━━━━━ Data shown ━━━━━
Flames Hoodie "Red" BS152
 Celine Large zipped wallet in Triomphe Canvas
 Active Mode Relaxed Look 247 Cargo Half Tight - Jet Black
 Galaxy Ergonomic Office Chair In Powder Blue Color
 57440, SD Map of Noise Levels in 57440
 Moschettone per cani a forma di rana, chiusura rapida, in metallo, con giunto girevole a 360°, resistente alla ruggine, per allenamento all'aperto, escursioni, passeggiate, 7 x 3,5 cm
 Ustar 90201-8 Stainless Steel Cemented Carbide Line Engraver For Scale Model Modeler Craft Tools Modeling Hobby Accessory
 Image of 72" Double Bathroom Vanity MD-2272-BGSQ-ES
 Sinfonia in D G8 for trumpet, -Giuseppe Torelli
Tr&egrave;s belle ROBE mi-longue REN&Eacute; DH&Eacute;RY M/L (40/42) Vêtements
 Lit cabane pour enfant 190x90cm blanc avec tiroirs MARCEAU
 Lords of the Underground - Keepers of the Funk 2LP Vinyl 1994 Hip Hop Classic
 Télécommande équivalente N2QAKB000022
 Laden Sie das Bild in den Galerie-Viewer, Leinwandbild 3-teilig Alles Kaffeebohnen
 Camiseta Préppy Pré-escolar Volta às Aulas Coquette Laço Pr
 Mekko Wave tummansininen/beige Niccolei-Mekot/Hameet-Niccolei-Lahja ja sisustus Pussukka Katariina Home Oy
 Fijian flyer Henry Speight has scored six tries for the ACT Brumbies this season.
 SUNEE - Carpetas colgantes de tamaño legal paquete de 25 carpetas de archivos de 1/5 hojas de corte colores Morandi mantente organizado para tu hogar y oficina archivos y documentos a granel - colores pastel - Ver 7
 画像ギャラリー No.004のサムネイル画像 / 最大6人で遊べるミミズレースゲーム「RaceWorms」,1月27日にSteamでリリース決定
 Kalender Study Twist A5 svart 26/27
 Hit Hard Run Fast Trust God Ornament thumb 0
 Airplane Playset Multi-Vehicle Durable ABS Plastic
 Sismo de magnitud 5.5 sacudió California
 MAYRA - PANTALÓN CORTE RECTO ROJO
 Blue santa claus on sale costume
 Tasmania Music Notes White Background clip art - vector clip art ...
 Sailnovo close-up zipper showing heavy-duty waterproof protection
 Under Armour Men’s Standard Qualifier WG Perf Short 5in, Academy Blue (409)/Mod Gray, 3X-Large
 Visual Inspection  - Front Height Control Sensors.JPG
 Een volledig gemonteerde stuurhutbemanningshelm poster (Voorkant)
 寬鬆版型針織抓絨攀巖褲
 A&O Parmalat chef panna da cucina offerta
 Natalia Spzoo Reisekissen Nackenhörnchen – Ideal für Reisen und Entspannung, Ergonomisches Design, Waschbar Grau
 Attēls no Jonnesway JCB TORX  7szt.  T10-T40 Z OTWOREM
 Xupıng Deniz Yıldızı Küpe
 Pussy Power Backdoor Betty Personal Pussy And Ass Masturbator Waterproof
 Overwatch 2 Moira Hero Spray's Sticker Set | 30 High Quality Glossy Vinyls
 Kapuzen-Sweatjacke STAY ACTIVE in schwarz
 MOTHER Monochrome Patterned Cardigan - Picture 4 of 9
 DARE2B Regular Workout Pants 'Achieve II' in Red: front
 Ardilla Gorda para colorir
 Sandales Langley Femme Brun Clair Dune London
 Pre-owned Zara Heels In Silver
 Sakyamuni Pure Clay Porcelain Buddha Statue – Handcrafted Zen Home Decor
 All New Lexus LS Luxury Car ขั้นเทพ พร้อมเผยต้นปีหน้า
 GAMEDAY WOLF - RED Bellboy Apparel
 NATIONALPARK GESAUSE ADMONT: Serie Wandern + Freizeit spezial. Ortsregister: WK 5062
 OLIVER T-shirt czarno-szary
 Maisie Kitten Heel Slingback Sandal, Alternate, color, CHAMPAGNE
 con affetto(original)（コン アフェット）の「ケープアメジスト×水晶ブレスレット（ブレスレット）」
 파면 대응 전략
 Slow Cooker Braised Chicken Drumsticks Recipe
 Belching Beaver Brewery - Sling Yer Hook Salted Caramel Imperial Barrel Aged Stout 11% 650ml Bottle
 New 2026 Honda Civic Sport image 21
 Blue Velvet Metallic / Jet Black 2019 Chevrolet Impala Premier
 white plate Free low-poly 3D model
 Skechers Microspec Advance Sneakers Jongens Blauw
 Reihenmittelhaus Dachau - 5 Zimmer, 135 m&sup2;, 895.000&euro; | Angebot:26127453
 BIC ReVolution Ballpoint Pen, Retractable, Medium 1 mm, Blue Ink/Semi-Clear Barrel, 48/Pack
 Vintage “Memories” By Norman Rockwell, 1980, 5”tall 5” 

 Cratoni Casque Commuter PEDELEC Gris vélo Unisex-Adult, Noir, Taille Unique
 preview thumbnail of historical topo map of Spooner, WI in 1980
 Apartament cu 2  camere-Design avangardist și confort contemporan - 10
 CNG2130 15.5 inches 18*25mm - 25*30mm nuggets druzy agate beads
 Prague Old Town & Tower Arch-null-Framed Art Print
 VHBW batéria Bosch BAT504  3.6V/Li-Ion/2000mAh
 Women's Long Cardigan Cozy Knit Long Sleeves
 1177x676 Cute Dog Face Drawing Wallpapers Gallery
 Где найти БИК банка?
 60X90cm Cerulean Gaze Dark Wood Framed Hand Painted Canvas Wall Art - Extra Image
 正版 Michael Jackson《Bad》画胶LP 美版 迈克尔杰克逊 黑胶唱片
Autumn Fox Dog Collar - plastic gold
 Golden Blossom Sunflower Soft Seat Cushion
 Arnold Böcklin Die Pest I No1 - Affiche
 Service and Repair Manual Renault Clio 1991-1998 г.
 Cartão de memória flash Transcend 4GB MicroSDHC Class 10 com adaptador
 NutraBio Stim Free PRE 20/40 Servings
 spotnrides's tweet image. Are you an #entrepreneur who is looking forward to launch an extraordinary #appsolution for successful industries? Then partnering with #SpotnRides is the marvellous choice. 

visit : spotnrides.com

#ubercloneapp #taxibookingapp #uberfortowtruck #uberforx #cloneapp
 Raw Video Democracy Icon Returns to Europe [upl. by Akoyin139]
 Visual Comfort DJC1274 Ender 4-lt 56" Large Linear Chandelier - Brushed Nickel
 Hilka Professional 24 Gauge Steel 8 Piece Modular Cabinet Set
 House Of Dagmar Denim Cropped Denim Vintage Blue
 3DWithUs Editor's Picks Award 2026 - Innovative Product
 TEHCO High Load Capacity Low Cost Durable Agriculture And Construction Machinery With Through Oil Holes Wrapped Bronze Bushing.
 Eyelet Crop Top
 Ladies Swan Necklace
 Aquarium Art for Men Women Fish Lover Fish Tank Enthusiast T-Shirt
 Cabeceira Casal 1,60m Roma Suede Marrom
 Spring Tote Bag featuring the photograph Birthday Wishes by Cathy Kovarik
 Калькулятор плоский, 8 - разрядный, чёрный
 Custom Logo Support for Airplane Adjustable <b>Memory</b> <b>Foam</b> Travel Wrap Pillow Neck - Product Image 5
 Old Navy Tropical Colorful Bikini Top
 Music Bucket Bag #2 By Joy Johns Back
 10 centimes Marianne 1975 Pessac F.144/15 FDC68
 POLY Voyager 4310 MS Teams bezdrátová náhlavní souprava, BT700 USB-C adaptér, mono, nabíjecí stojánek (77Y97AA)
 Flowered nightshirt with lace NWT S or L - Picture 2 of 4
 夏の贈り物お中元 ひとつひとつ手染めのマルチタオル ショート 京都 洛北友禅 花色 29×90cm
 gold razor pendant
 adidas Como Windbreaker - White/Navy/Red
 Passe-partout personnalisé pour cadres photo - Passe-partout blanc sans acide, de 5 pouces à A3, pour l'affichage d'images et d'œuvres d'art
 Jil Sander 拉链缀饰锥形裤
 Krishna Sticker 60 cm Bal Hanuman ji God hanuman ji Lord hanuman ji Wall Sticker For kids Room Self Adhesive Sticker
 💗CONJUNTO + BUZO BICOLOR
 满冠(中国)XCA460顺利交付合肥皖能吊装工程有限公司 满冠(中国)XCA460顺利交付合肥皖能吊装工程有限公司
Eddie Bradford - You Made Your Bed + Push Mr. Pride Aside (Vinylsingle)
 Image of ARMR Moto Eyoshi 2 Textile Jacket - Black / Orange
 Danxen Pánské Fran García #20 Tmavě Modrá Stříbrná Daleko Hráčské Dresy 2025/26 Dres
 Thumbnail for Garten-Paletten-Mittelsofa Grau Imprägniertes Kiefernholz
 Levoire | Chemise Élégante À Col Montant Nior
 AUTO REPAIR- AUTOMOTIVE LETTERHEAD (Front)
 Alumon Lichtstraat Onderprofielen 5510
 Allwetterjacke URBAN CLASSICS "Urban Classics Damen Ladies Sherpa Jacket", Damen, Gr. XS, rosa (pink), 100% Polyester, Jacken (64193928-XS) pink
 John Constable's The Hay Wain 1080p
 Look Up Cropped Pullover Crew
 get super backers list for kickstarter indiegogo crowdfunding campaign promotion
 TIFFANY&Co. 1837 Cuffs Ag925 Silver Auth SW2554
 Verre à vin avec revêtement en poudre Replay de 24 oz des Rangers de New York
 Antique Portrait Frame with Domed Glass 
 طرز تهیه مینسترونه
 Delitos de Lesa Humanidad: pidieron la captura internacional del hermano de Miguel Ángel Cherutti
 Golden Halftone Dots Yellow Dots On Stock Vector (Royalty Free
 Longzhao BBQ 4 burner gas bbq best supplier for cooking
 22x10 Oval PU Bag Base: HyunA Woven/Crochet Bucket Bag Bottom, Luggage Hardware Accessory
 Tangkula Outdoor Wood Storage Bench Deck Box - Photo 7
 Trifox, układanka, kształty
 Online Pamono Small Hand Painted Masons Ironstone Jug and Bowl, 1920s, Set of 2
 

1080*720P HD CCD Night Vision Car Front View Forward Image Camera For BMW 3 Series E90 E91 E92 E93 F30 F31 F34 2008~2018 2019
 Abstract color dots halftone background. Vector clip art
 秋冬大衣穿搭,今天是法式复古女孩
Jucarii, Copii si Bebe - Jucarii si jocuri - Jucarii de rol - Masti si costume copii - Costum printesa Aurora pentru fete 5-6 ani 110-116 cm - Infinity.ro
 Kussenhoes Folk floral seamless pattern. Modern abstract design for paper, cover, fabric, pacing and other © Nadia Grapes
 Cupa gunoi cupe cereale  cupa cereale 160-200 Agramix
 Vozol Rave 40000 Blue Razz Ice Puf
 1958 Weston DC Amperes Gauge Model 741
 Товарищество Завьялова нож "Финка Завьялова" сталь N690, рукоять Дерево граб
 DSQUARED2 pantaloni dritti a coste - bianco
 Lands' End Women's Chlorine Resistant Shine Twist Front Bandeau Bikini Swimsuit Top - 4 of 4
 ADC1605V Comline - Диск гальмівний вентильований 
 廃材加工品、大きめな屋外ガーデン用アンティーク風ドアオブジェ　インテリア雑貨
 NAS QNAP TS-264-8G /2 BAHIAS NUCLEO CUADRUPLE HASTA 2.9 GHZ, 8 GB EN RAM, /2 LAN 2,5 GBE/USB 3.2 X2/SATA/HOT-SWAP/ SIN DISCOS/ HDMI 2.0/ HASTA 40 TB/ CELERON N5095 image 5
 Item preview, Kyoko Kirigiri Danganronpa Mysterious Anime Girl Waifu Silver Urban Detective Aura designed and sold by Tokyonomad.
━━━━━
Your assignment
Write out the listing's lines exactly, from its first line through the line that contains "A&O Parmalat chef panna da cucina offerta", and stop there.

Answer for this exercise
Flames Hoodie "Red" BS152
 Celine Large zipped wallet in Triomphe Canvas
 Active Mode Relaxed Look 247 Cargo Half Tight - Jet Black
 Galaxy Ergonomic Office Chair In Powder Blue Color
 57440, SD Map of Noise Levels in 57440
 Moschettone per cani a forma di rana, chiusura rapida, in metallo, con giunto girevole a 360°, resistente alla ruggine, per allenamento all'aperto, escursioni, passeggiate, 7 x 3,5 cm
 Ustar 90201-8 Stainless Steel Cemented Carbide Line Engraver For Scale Model Modeler Craft Tools Modeling Hobby Accessory
 Image of 72" Double Bathroom Vanity MD-2272-BGSQ-ES
 Sinfonia in D G8 for trumpet, -Giuseppe Torelli
Tr&egrave;s belle ROBE mi-longue REN&Eacute; DH&Eacute;RY M/L (40/42) Vêtements
 Lit cabane pour enfant 190x90cm blanc avec tiroirs MARCEAU
 Lords of the Underground - Keepers of the Funk 2LP Vinyl 1994 Hip Hop Classic
 Télécommande équivalente N2QAKB000022
 Laden Sie das Bild in den Galerie-Viewer, Leinwandbild 3-teilig Alles Kaffeebohnen
 Camiseta Préppy Pré-escolar Volta às Aulas Coquette Laço Pr
 Mekko Wave tummansininen/beige Niccolei-Mekot/Hameet-Niccolei-Lahja ja sisustus Pussukka Katariina Home Oy
 Fijian flyer Henry Speight has scored six tries for the ACT Brumbies this season.
 SUNEE - Carpetas colgantes de tamaño legal paquete de 25 carpetas de archivos de 1/5 hojas de corte colores Morandi mantente organizado para tu hogar y oficina archivos y documentos a granel - colores pastel - Ver 7
 画像ギャラリー No.004のサムネイル画像 / 最大6人で遊べるミミズレースゲーム「RaceWorms」,1月27日にSteamでリリース決定
 Kalender Study Twist A5 svart 26/27
 Hit Hard Run Fast Trust God Ornament thumb 0
 Airplane Playset Multi-Vehicle Durable ABS Plastic
 Sismo de magnitud 5.5 sacudió California
 MAYRA - PANTALÓN CORTE RECTO ROJO
 Blue santa claus on sale costume
 Tasmania Music Notes White Background clip art - vector clip art ...
 Sailnovo close-up zipper showing heavy-duty waterproof protection
 Under Armour Men’s Standard Qualifier WG Perf Short 5in, Academy Blue (409)/Mod Gray, 3X-Large
 Visual Inspection  - Front Height Control Sensors.JPG
 Een volledig gemonteerde stuurhutbemanningshelm poster (Voorkant)
 寬鬆版型針織抓絨攀巖褲
 A&O Parmalat chef panna da cucina offerta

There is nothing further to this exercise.